As for the show, the choreography of his runway presentation will echo the pedestrian cacophony of the city, with graffiti artists (including Preston himself) spraying utility markings on the runway as the models weave in and out. He is also eager to show off the progression of his designs, which, again, are an homage to urban materials and uniform style. “This collection’s really inspired by the reclaiming of found objects and observing the city,” he said, and “looking at the city as layers of materials.” Tarp, barbed wire, and faux fur are some of his “fabrics,” along with denim; his fascination with chain link fencing inspired a swath of chainmail hoods, bras, and shirting.

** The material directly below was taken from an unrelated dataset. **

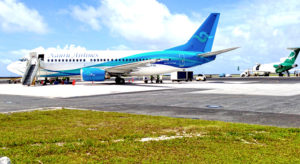 A Nauru Airlines Boeing-737 on the tarmac at Amata Kabua International Airport in Majuro. Photo: Giff Johnson.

It’s sweet to remember that a decade ago, Preston, Williams, and Abloh were just fresh-faced outsiders in New York. “We’ve always been able to identify gaps within storytelling and gaps within culture that could be filled, or done better,” he said about the enduring influence of their spirit. They were able to identify things that “hadn’t hit their full potential yet. Or maybe that thing needs to be flipped on its head. Maybe that rule needs to be rewritten. Maybe that rule needs to be erased altogether. Maybe something needs to be rebuilt from scratch, or the bottom up, instead of fixing stuff.”

Their creative alliance “was always just kind of questioning culture, the vibes of the streets of youth. What do we need? What’s exciting us? What’s boring us?” He said he feels that spirit in the show he is staging Saturday evening.

At a time when some longtime New Yorkers feel the city is changing too fast and for the worse, Preston’s show might be a reminder that the foundations remain unaltered. “Obviously, this is a fashion show. But I look at this as more of a celebration,” he said.